According to the audit, taxpayers' funds were wasted and petty corruption was routinely tolerated or never discovered.It is an unfortunate comment on the House's reputation that the media greeted this scathing assessment, in a Price Waterhouse audit released July 18, with little surprise and minimal comment.

Of course, one reason for the blase response is that the audit looks backward, covering a period in late 1993 and 1994, when the Democrats ran the chamber.

Another reason is that Republicans, who doggedly made the case that the House was systematically corrupt when they were in the minority, have set about overhauling the system of perquisites and patronage that the audit details.

But the audit offers a cautionary lesson to House Republicans and their counterparts in the Senate, who have not yet undertaken many of the reforms under way in the House. The lesson concerns the tendency for the party in power to do business in a way that leads to the misuse of public funds and the lack of accountability that plagued the House.

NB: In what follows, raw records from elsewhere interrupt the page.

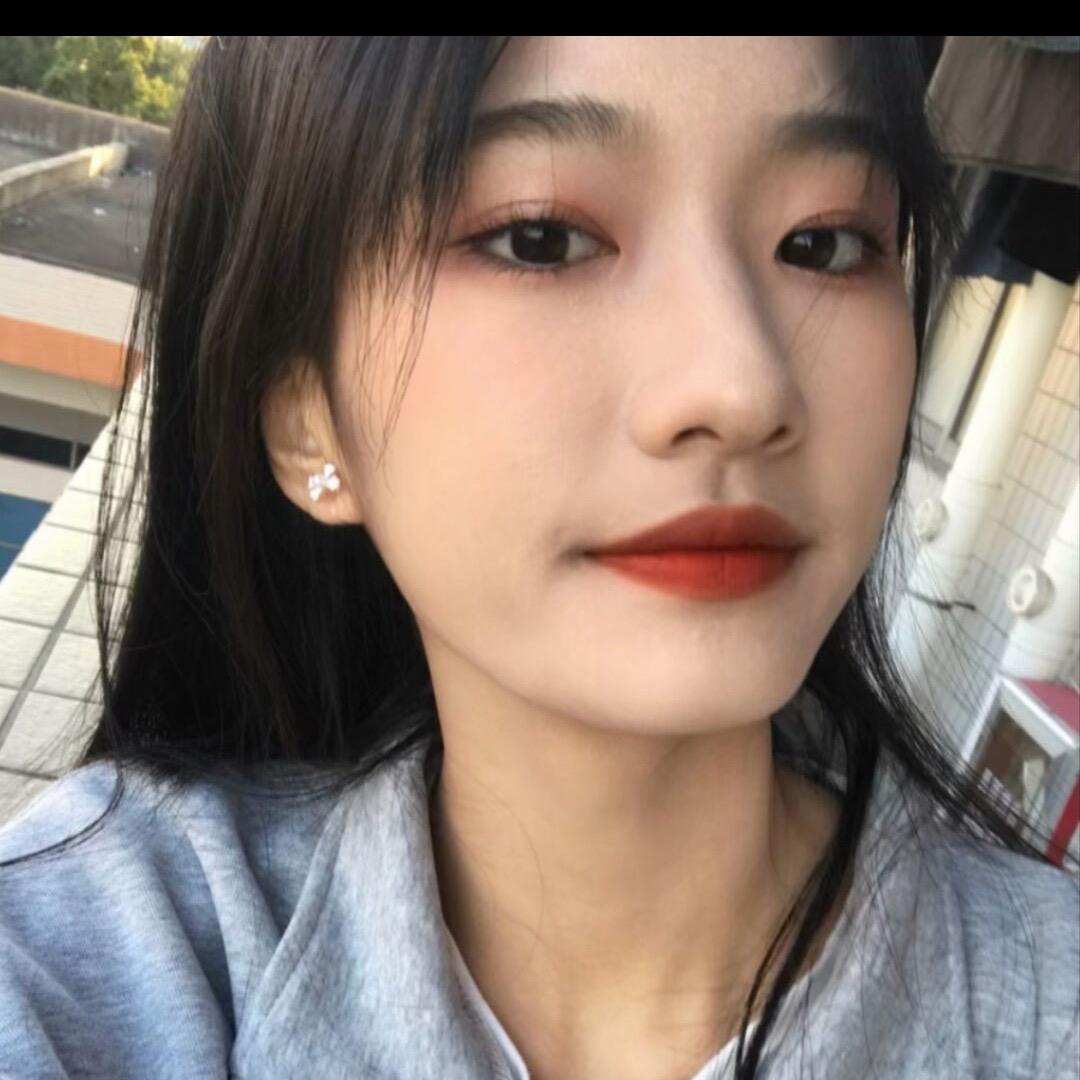 晴朵朵；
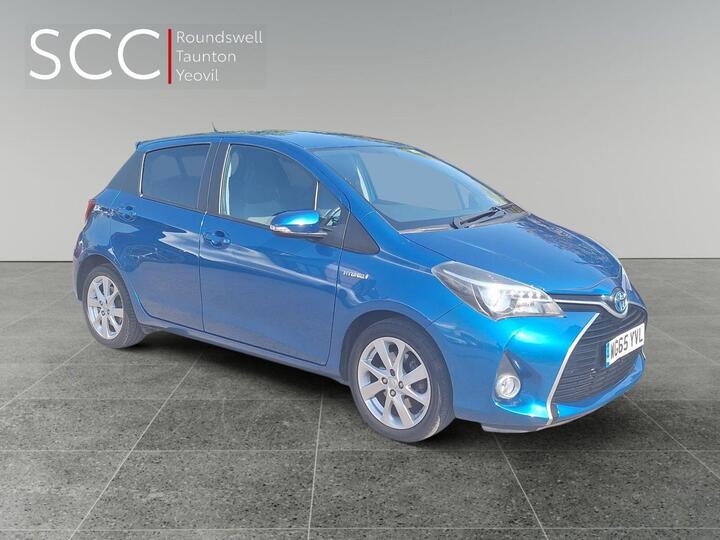 Toyota Yaris 1.5 VVT-h Sport E-CVT Euro 6 5dr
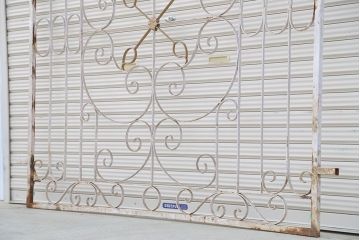 中古　可愛いロートアイアンガーデンフェンス(13)(ヨーロッパ風フェンス、洋風フェンス、門扉、鉄柵)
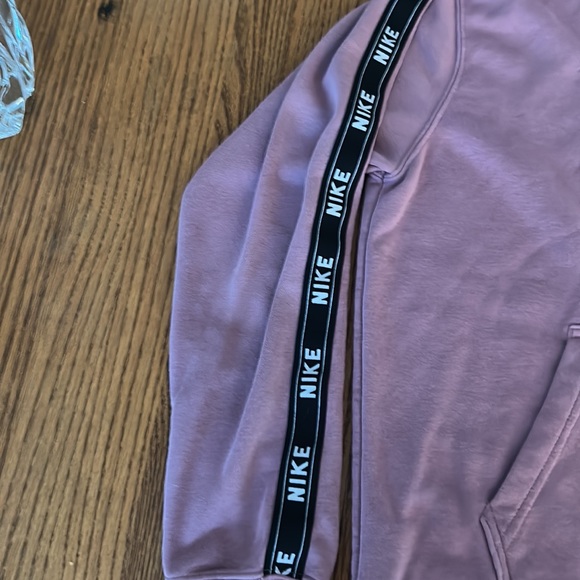 Nike Women’s Zip-Up Jacket, Medium - Picture 3 of 5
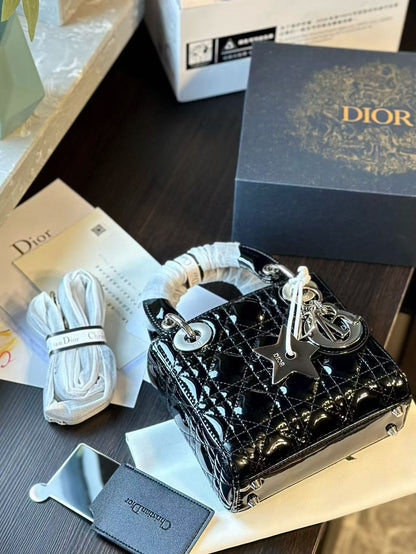 LADY DIOR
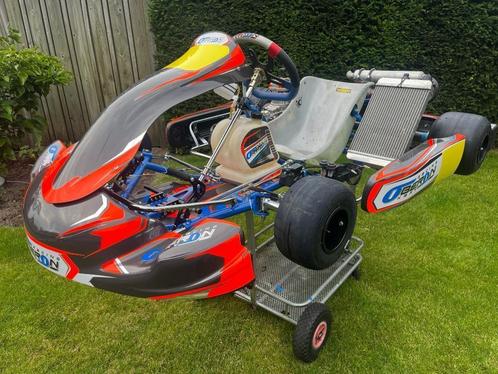 Oberon Ocean met Iame X30 Junior/ Senior motor, Sport en Fitness, Karting, Zo goed als nieuw, Kart, Ophalen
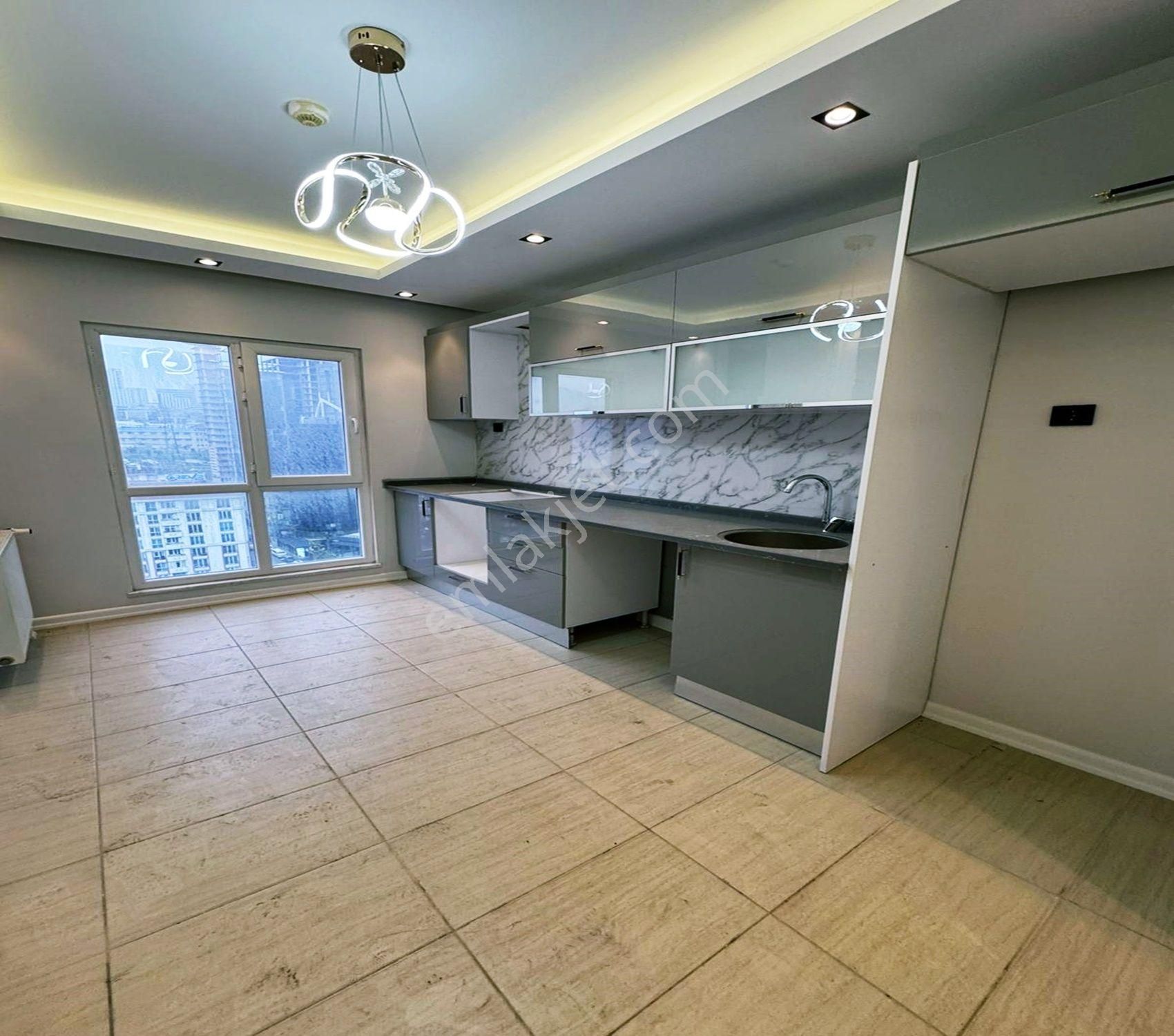 Sıte İçinde | Baştan Sona Özel Tasarım | Şık Dekorasyonlu 2+1 Daire - Görsel 26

The auditors found that one of the institution's biggest failures was its unwillingness to adopt a modern, fully computerized accounting system. Every agency in the executive branch must use an accrual system, which permits detailed tracking of expenses and revenues. In passing the 1956 law to require the executive branch to use the system, Congress exempted itself.

The House never changed its accounting system, because there was no reason to do so. In fact, there were incentives not to change: Members probably liked being able to overspend their office accounts if the need arose - a practice detailed by the audit. They liked the privilege of turning in expense vouchers at their leisure, often without documentation, because it made their lives easier.

Especially damaging was House leaders' tendency to shield members from the consequences of their complacency.

This happened during the 1992 House bank scandal, when the leadership fought to prevent the release of the names of members who had overdrawn their accounts. That mentality was not only politically shortsighted, as events proved, but reflected why the problem existed in the first place. Members had grown comfortable in a system that could not withstand public scrutiny.

None of this history may seem immediately relevant to the House GOP. Republicans stress that they are moving to clean up the House.

Human nature being what it is, however, the pressures to run the House for the comfort and convenience of the members will not go away just because the GOP is in charge.

Rep. Ron Packard, R-Calif., the chairman of the Appropriations Legislative Branch Subcommittee, noted in June that many members are "ambivalent" about his moves to scale back services and perquisites.

There is nothing wrong with members' receiving services. They are busy and important people whose time is valuable. The problem arises when voters perceive that lawmakers are abusing the system and not being honest.

When such situations arise, House GOP leaders will face the same choice that their Democratic counterparts did - protect their members or disclose and fix the problem.

It took 40 years for the House system to reach the breaking point. But if GOP leaders choose the same route as the Democrats, they risk suffering the same rebuke at voters' hands.